-- Provided material --
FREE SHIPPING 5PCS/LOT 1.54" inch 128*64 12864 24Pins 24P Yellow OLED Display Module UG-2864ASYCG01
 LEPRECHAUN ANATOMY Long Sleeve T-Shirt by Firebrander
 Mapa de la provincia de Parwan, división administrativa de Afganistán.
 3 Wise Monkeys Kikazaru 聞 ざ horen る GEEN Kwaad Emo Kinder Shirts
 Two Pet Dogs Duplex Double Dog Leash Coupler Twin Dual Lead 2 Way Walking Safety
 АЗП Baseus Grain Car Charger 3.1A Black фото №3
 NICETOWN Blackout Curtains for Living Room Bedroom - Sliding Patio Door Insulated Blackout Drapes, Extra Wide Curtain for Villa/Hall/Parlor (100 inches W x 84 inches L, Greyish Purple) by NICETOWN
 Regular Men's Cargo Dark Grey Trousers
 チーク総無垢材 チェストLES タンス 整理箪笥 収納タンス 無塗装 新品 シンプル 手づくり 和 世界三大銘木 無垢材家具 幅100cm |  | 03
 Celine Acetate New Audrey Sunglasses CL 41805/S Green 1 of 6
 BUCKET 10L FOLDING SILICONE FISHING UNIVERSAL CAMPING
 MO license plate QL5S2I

-- Work required --
With the first line of the material as the start and the line containing "3 Wise Monkeys" as the end, repeat that span exactly and add nothing.

-- The completed task --
FREE SHIPPING 5PCS/LOT 1.54" inch 128*64 12864 24Pins 24P Yellow OLED Display Module UG-2864ASYCG01
 LEPRECHAUN ANATOMY Long Sleeve T-Shirt by Firebrander
 Mapa de la provincia de Parwan, división administrativa de Afganistán.
 3 Wise Monkeys Kikazaru 聞 ざ horen る GEEN Kwaad Emo Kinder Shirts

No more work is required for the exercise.